High volatility is usually observed when the market sentiments drive the security price or in case there is a lack of clarity to the investors where a company is headed. High volatility is when there are sharp and frequent movements in the performance of the asset.
Market volatility can give investors the impression that they are losing their money. And that is why many investors withdraw from mutual funds when they see that money is not working. This step damages your investment intentions as financial performance can go back and, in the long run, can bring you huge profits. Therefore, it is always advisable to invest for at least five years to get a good return.
The short-term volatility can be temporary, and as an investor, one should not bother much about it. This is because it is for a limited time and can also give good returns.

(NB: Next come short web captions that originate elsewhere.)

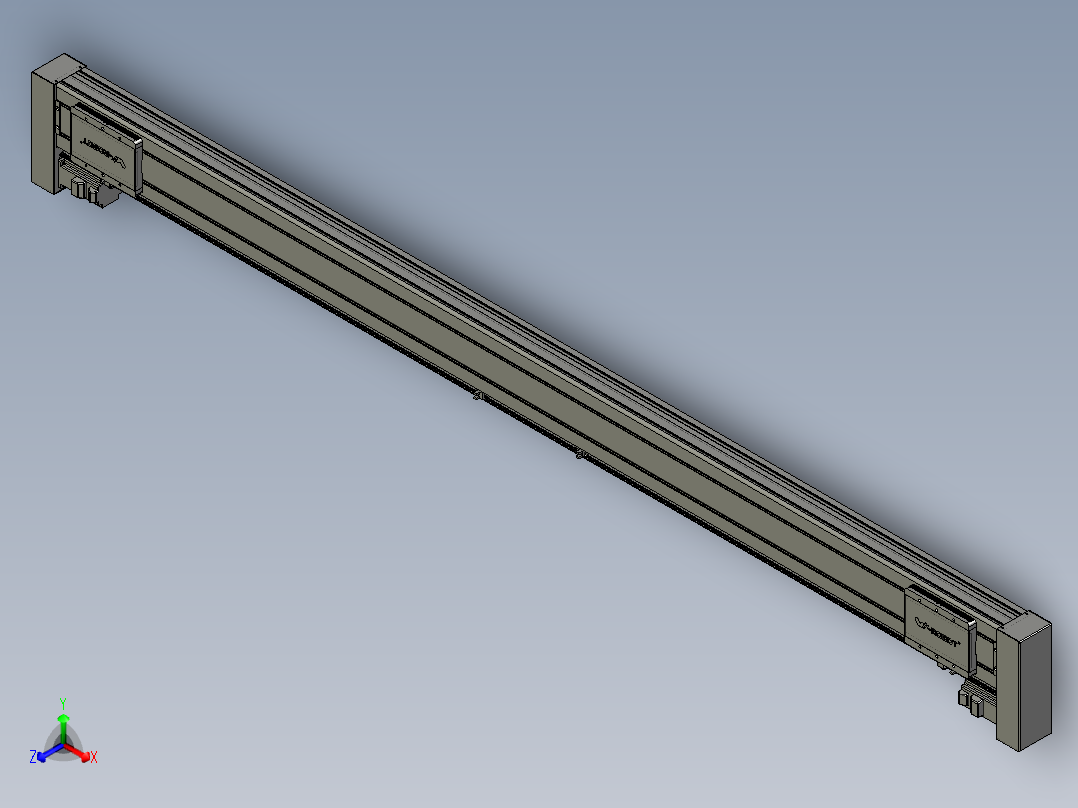 威洛博双电机滑台-VC14D2-S900-BLR-P40-C6主视图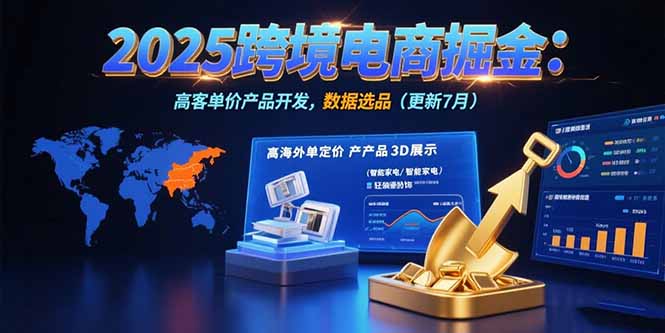2025跨境电商掘金:蓝海市场定位,高客单价产品开发,数据选品(更新7月-老吴出海笔记
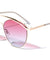 Rounded Oceanic Color Aviators Wholesale Sunglasses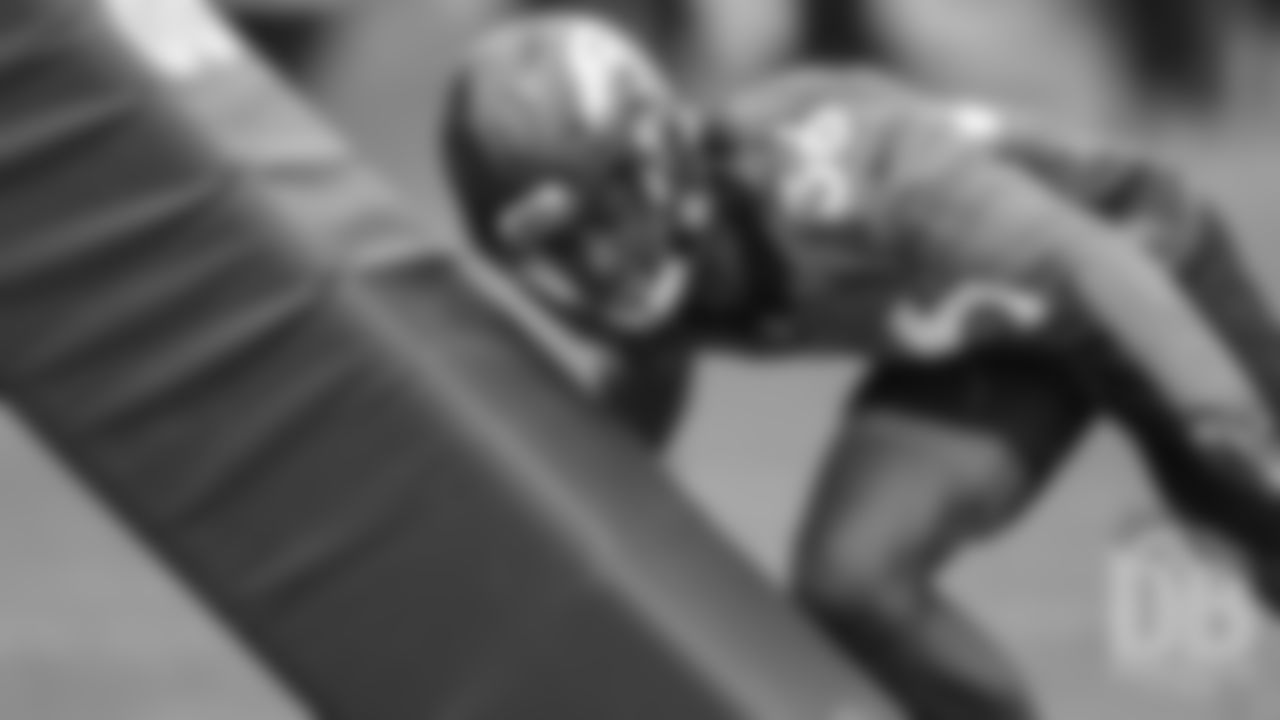 Tryout wide receiver Sam Mobley during the second day of rookie minicamp practice on May 11, 2019.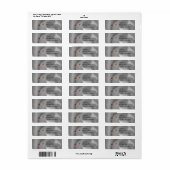 Aeolian Watercolor Address Labels (Vorne)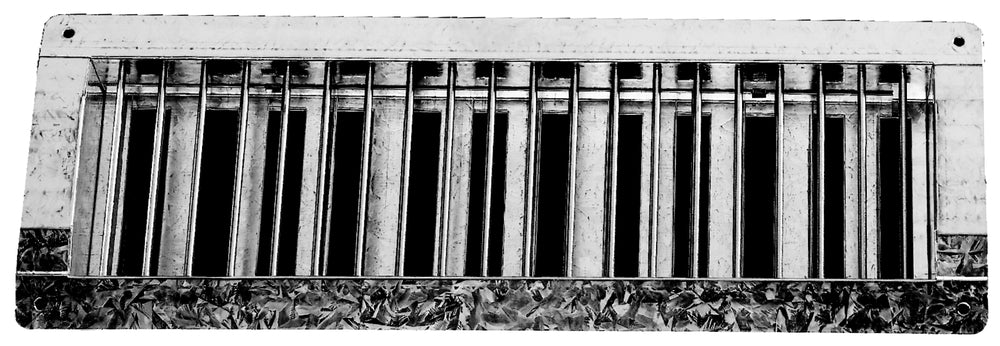 Schako Kompaktgitter KG-Q 15 aus Edelstahl, Abm. LxH=515x215mm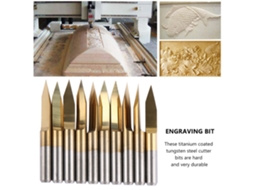 Laxiscreed Cabeçote De Revestimento Em Titânio Para Cortadora Cnc De Aço Tungstênio 3,175mm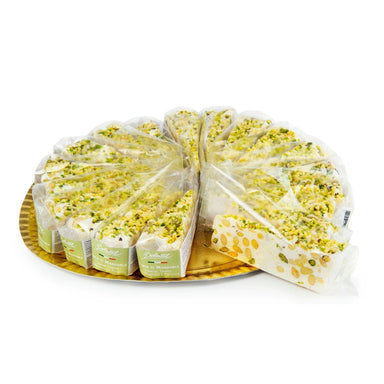 Dolcital Gluten - Free Soft Nougat Cake Slice with Almonds & Pistachios 110g Feast Italy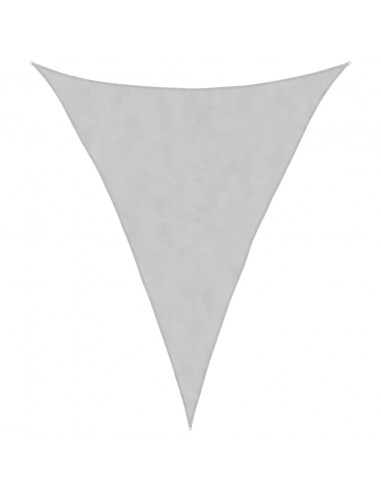 Vela Parasole Grigio Chiaro 5x6x6 m 100% Poliestere Oxford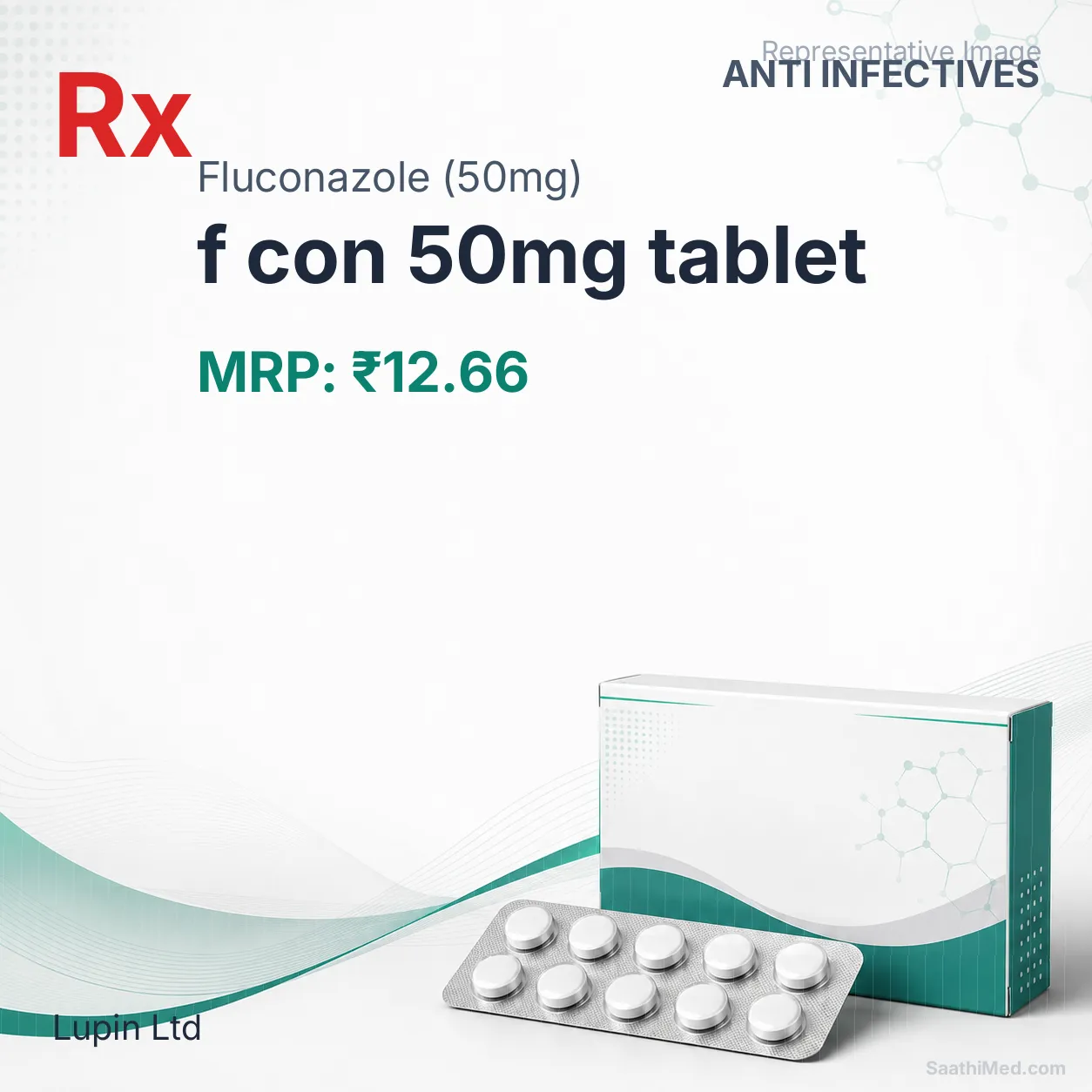 f con 50mg tablet Allopathy (Fluconazole (50mg)) - Uses in Hindi, Side Effects, Substitutes & Price in India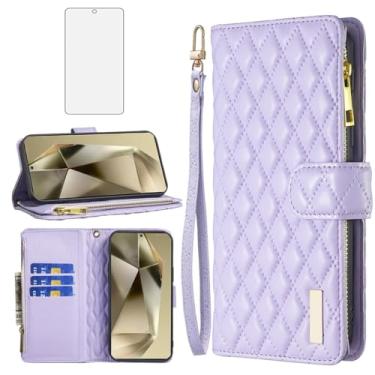 Imagem de Asuwish Capa de telefone para Samsung Galaxy S24 Ultra 5G Capa carteira com protetor de tela de vidro temperado e suporte de cartão de crédito flip de couro acessórios para celular S24Ultra 24S S 24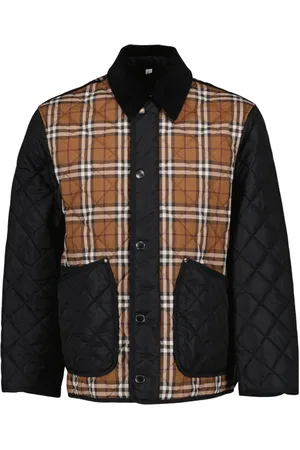 Burberry Winter Jackets, male, , M, Vintage Check Quilted Classic Jacket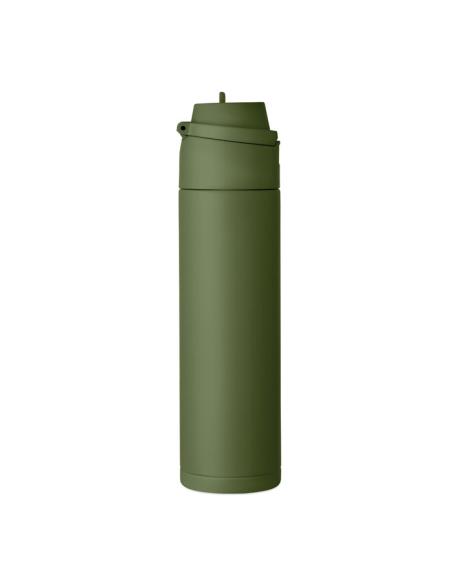 Botella de acero inoxidable reciclado Gaborone pared simple 650ml PERSONALIZABLE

Short-term volatilities shall stabilise with time.
Before we discuss diversification, let us understand the difference between hedging and diversification. Both are different approaches and would affect your portfolio differently. Diversification usually refers to investing in securities that are not correlated with each other. Correlation explains how a fluctuation in one stock or security might affect the stock prices of other stocks. Correlation can be positive, negative or no-correlation. Hence, an investor should consider the impact of correlation while diversifying.
Hedging refers to investing in negatively correlated security, meaning a fall in one stock price might lead to rising in another, thereby covering the investor from the loss. As hedging is a beneficial tool, it comes with its own risk when there is overall stress in the market, like the times of COVID pandemic.